SOUTHLAND: Regina King Talks About Lydia’s Pregnancy, Changing Partners and More
February 21, 2012 by Marisa Roffman
Being a pregnant television character is rarely easy — rarely is the baby planned, they always seem to have to deliver in the most ridiculous places imaginable — but the stakes are raised to a whole other level when said character is a cop.
For SOUTHLAND’s Regina King (Lydia), the trouble for her recently-pregnant character comes to a head in tonight’s brand new episode.
What can fans expect? I hopped on the phone with King to see what she could tease…
What does the next episode bring for Lydia?
Regina King: The next episode, Lydia finds herself still dealing with the fact that she’s pregnant and how that’s going to work with being an officer. But it’s pushed even more to the limits because unexpectedly, she has to back on patrol. And she is still not letting the department know that she is pregnant. So some interesting things come up.
There was a promo photo from the hour where it looks like Lydia’s clutched over in pain…

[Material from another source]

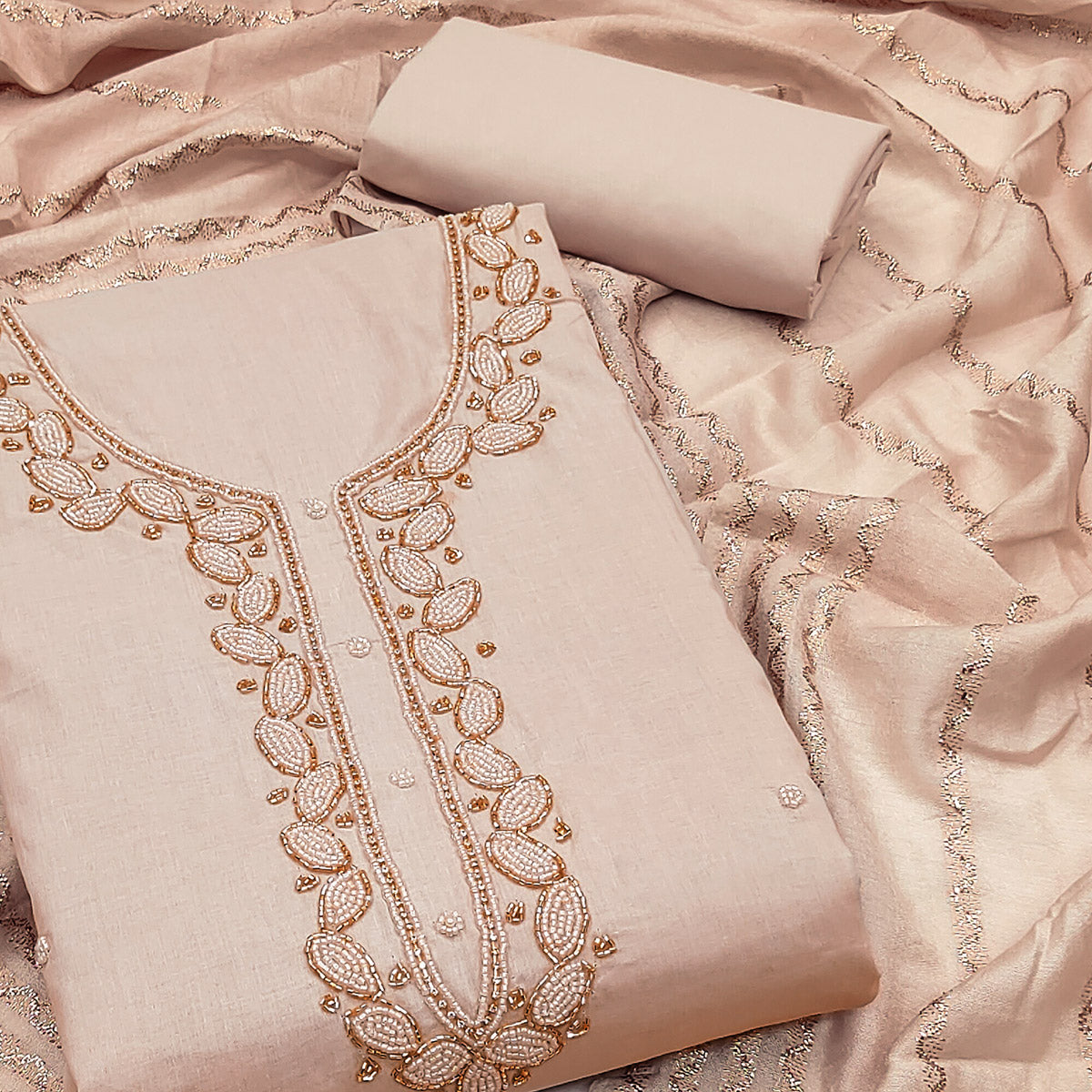 Peachmode Chikoo Zardosi Moti Work Pure Cotton Dress Material - view 2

RK: That’s the height of it all. There are certain events that take place before then that take her to that painful situation. One of the casualties of being a patrol officer instead of being a detective.
Between that and the dangerous situations she’s already been placed in since she found out she was pregnant, has it sunk in yet how dangerous this could be if she wants to keep the baby?
RK: Yeah. The universe is providing circumstances to make her be very realistic about the dangers she could be putting herself in and her child-to-be in. Like you said, we saw a little bit of that in episode four, and that continues in episode six.
We really don’t know an incredible amount about Lydia’s personal life, but she did have a brief relationship at the end of last season. Should fans be inferring he’s the father, or is there something else we’ll be learning soon?
RK: You know, I want to say the viewers will learn who the father is, and I will also say that people who have followed the show and didn’t just pick up this year probably have an idea of who the father might be. I wouldn’t necessarily call what happened last season a relationship. I think it’s more of a…encounter.
Does the father know she’s pregnant?
RK: [Long pause] At the moment, no, he doesn’t.
RK: Yeah…I’m sure people have their guesses [about the father’s identity], but like I said, you have to be a SOUTHLAND follower to know who the options might be. It’s kind of like break the code. I think it’s cool because there are people who might think they are so sure about who the father is, and I think even I was kind of thrown back by getting the script that Lydia was going to be pregnant. I feel like the audience might have gone, “Oh, there’s a loop.”
Did they talk to you about the pregnancy beforehand, or did you get the script and find out from there?
RK: No, [executive producer] John Wells definitely called me personally prior to receiving that episode. Maybe one or two episodes before it came up to let me know that was the plan for Lydia, just to assure me that this didn’t mean I was going to be having a limited amount of time on the show. Because as an actor, that’s the first thing you wonder when you get shot or get pregnant: “Oh my God, does that mean you’re writing me out?”
And considering how many cast changes the series has had, that concern is understandable.
RK: Yeah, exactly.
Speaking of the cast changes, Lydia has had the most partners over the course of the show. As an actress, is it hard trying to regain that rapport every year?
RK: It is difficult because all of the actors I’ve worked with have been really great people. And the reason for them no longer being there has nothing to do with who they are as talent or as people. They were just decisions I guess they felt were writing-wise. Personally, that’s kind of difficult to get to know someone, to work with someone for three or four months and expect to be coming back and then they’re not.
It’s also interesting for audiences, because we’re taught to connect to characters, and we’ve seen so many leave from the SOUTHLAND canvas in its relatively short run.
RK: I’m always curious about whether the audience thinks it’s a good thing or a bad thing or they don’t think one thing either way. That’s always a question I have.
That would be interesting to see. Can you share what you’re up to now?
RK: I just wrapped my last day of the final episode of SOUTHLAND for the season. So from here, I plan on doing more voice-over work and I start production on a movie I’ll be directing.
SOUTHLAND airs Tuesdays at 10 PM on TNT.